The next advancement came when I realised that I wanted to organise the material into discrete sections. I remember that I was specifically inspired to do this by an Everyman’s Library anthology of Scottish poetry which used broad headers like ‘Personal Matters’, ‘Prayer Matters’ and ‘Philosophical Matters’ to give order to rowdily divergent poems, but I’ve enjoyed many poetry collections that employ effective subdivisions to a range of ends. The sections in I’m A Pretty Circler would come to work like widening circles moving out from the intimate first lovers circle. And I enjoyed the possibility that among the poems the movement might equally be towards as well as away from away from a centred, candid voice: a self balancing somewhere within its non-concentric spheres. I think Mark Mechan did a wonderful job of responding to this in his cover design for the book.
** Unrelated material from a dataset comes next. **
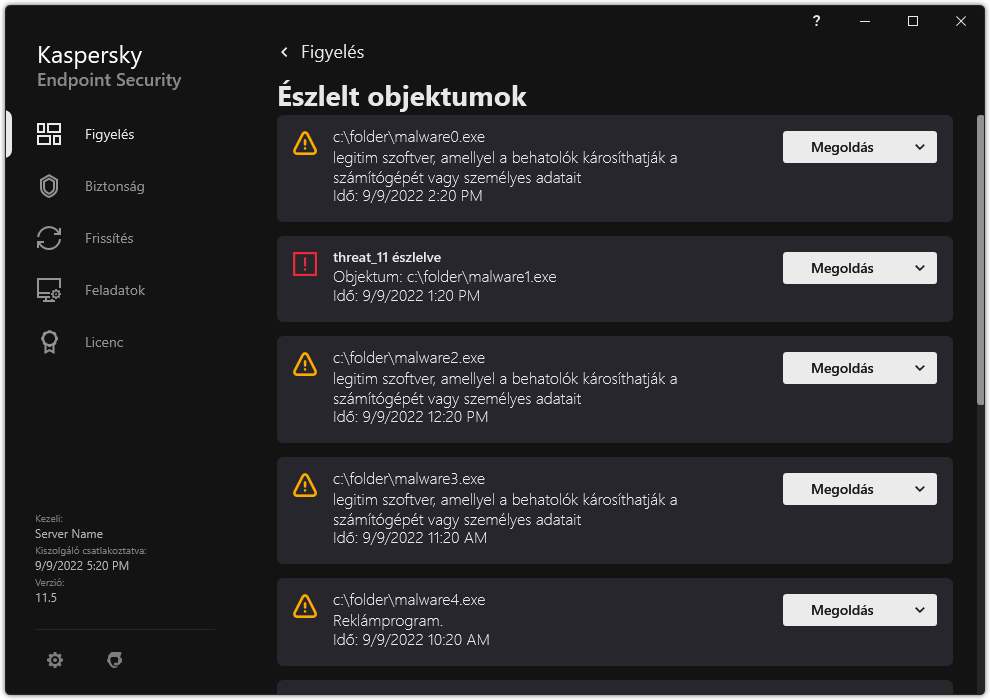 Egy ablak az észlelt objektumok listájával. Megjelenik az objektumra vonatkozó információ. A felhasználó feloldhatja vagy eltávolíthatja az objektumot.
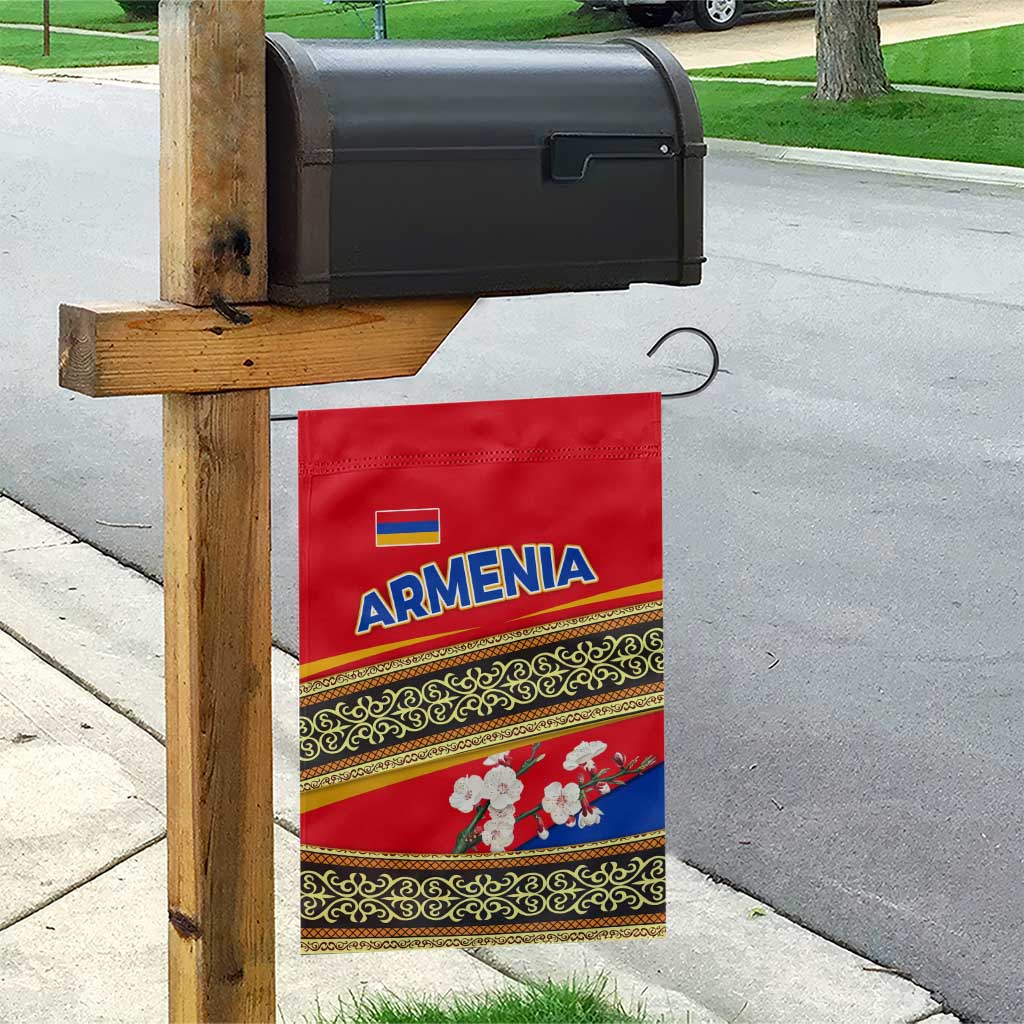 Armenia Traditional Pattern Garden Flag with Floral Motif and National Flag Design - Wonder Print Shop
As we grew closer to publication, the collection slimmed down, with poems coming out in ones and twos, or in occasional bolder cuts. I had the sense that we were identifying the most successful of each of the different sorts of poems I had been writing.

Now it’s been a year since I’m a Pretty Circler was published, and during that time I’ve felt my assessment of the poems shifting. This is in part thanks to close-up and incisive readings that have been offered back to me by reviewers and friends. Some readers have been drawn to poems that surprised me: Lover each has attracted quite a lot of appreciation while the oldest poem in the book, for example. And there’s also been a process more mysterious to me, I think to do with the experience of which poems persistently resonate within changing times and contexts. I realise that I have twice now barefacedly introduced Don’cha Don’cha as a poem I’ll probably never read in public again, only to find myself continually re-drawn to it, even recently republishing it in an anthology.

I’m growing to appreciate that the poems in I’m a Pretty Circler are busying themselves about a job I hadn’t realised I wanted them to do, which is to go out and elicit responses to questions I have about how I want to be in the world. The process has been brilliantly unstopping.

I dare to trust that the book has been working connections out for its readers too. A friend told me she had made a playlist of all the songs quoted in the collection’s closing poem Contemporary Sad Dancers School, and that made me very happy.